Hook
€7 million missing. Court-appointed administrator. Criminal investigation.
These are the facts of the Knaken bankruptcy. A Dutch crypto exchange that once promised a compliant gateway to digital assets now sits under court-ordered liquidation. But the numbers don’t tell the full story.
I spent six months in 2017 reverse-engineering the Ethereum 2.0 Casper FFG spec. I wrote a Python simulator to test finality conditions against theoretical attacks. That experience taught me one thing: structural flaws only become visible under stress. The Knaken foundation structure was never stress-tested until the moment user withdrawals stopped.
Now the stress has arrived. And the flaw is exposed.
Context
Knaken operated as a crypto exchange headquartered in the Netherlands. Like many European exchanges, it adopted a common structural pattern: an operating company (Knaken Cryptohandel B.V.) paired with a separate legal entity, Stichting Knaken Payments, to hold client funds. The foundation was supposed to create a legal firebreak—a wall between business risk and customer assets.
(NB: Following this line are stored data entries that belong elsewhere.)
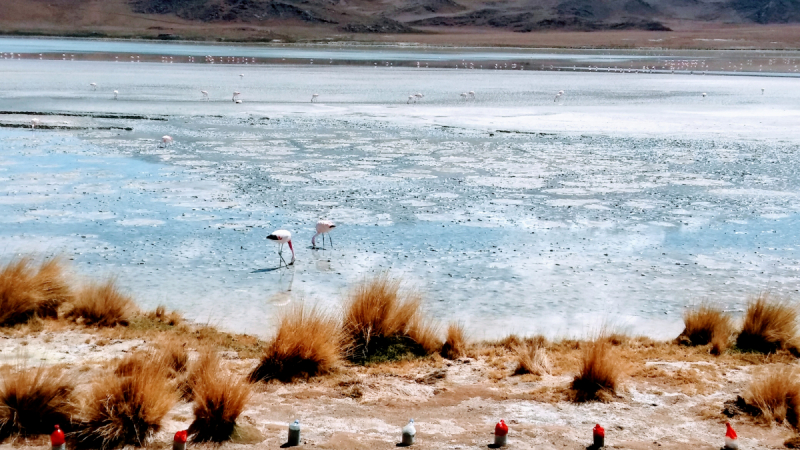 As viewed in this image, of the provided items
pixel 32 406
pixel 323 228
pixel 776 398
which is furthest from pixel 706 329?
pixel 32 406

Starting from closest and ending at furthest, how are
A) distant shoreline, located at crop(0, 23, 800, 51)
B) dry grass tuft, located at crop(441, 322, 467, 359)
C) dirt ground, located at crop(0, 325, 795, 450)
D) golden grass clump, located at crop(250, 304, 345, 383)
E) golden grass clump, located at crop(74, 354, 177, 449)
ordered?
golden grass clump, located at crop(74, 354, 177, 449)
dirt ground, located at crop(0, 325, 795, 450)
golden grass clump, located at crop(250, 304, 345, 383)
dry grass tuft, located at crop(441, 322, 467, 359)
distant shoreline, located at crop(0, 23, 800, 51)

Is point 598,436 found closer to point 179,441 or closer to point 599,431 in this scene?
point 599,431

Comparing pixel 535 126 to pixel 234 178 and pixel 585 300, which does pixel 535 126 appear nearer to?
pixel 234 178

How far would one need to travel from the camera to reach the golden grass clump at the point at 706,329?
6977mm

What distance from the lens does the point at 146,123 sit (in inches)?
795

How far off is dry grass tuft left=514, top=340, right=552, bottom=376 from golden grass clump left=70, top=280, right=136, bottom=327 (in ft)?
10.5

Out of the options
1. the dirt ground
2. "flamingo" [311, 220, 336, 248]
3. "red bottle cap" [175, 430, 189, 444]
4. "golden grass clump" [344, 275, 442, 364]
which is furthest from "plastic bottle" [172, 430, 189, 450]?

But on April 9, 2026, the Rotterdam District Court declared both entities bankrupt. Why? The court found that Knaken could not fulfill its obligations to clients. Payments had stopped. Withdrawals were frozen. User balances totaling €7 million were unaccounted for.
The Dutch Public Prosecution Service (OM) had already begun a criminal investigation. The FIOD (tax and financial crime authority) executed seizures on company assets. The court removed management control and appointed a single administrator to handle both the operating company and the foundation.
This is not a typical business failure. It is a systemic failure of the custody architecture that the crypto industry has relied on for years.
Core: The Anatomy of a Custodial Failure
1. The Foundation Myth
Let’s start with the foundation structure. The Stichting Knaken Payments was designed to hold client money in a legally separate entity. In theory, if the operating company went bankrupt, client funds in the foundation would be ring-fenced from creditors.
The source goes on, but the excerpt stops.